Tips and Troubleshooting

  • If you’re having connection issues, double-check your proxy credentials and make sure you’re using the correct endpoint and port for your chosen product.
  • The proxy password format (your_password_session-anychars_mode-speed) includes additional parameters. Make sure to replace your_password with your actual password while keeping the session-anychars_mode-speed part intact.

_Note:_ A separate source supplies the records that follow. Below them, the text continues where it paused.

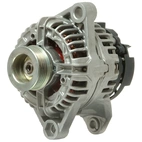 Fiat Generator 12V-105A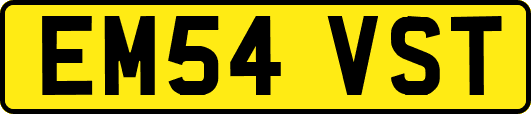EM54VST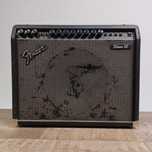Fender Deluxe 85 wzmacniacz gitarowy combo USA 90s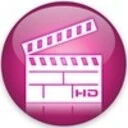 Sony Vegas Movie Studio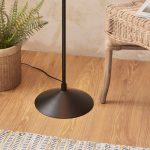 Wriggle Floor Black - Image 6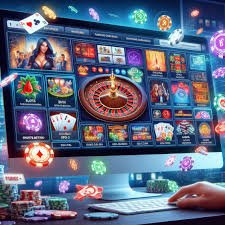rajadewa login platform showing sports betting, live casino, and slot games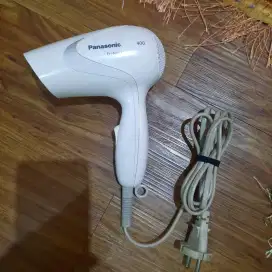 Hair dryer Panasonic EH ND 11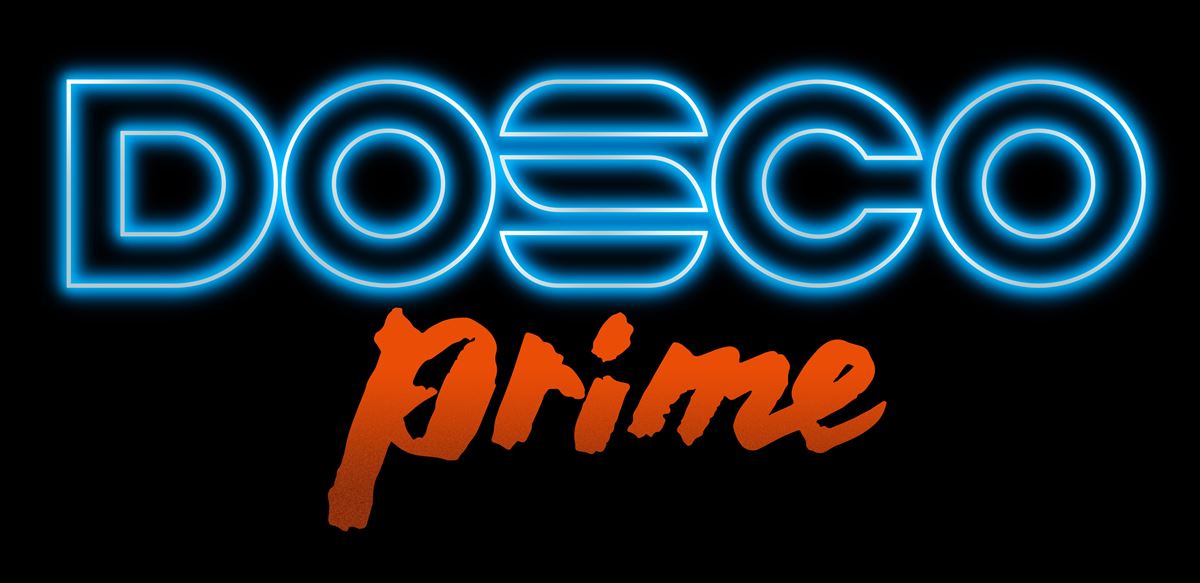 DREAMS COME TRUE NEW Album『DOSCO prime』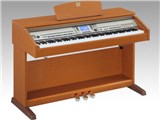 Clavinova CVP-401C ���i�摜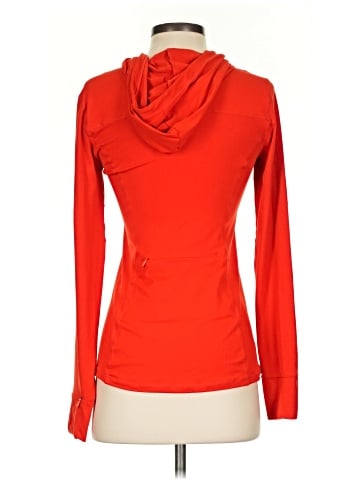 Fabletics Turtleneck Sweater (view 2)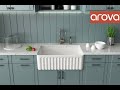 Best Butler Kitchen Sink of 2022 at Arova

  • For HTTPS connections, you might need to disable SSL verification (use with caution in production):
    DOWNLOADER_MIDDLEWARES = {
        'scrapy.downloadermiddlewares.httpproxy.HttpProxyMiddleware': None,
        'your_project_name.proxy_middleware.ProxyMiddleware': 350,
        'scrapy.downloadermiddlewares.ssl.HttpsProxyMiddleware': 400,
    }
    
    DOWNLOAD_HANDLERS = {
        "https": "scrapy.core.downloader.handlers.http2.H2DownloadHandler",
    }
  • If you need to use a SOCKS5 proxy, you’ll need to install the scrapy-socks package:
    pip install scrapy-socks
    Then update your settings.py file:
    PROXY_URL = f'socks5://{PROXY_USER}:{PROXY_PASS}@{PROXY_HOST}:{PROXY_PORT}'
    DOWNLOAD_HANDLERS = {
        "http": "scrapy_socks.handlers.http.SOCKSDownloadHandler",
        "https": "scrapy_socks.handlers.http.SOCKSDownloadHandler",
    }
  • Remember to handle errors appropriately in your production code, as network requests can fail for various reasons.

By following this guide, you should now be able to successfully integrate Evomi’s proxies with your Scrapy projects for web scraping tasks.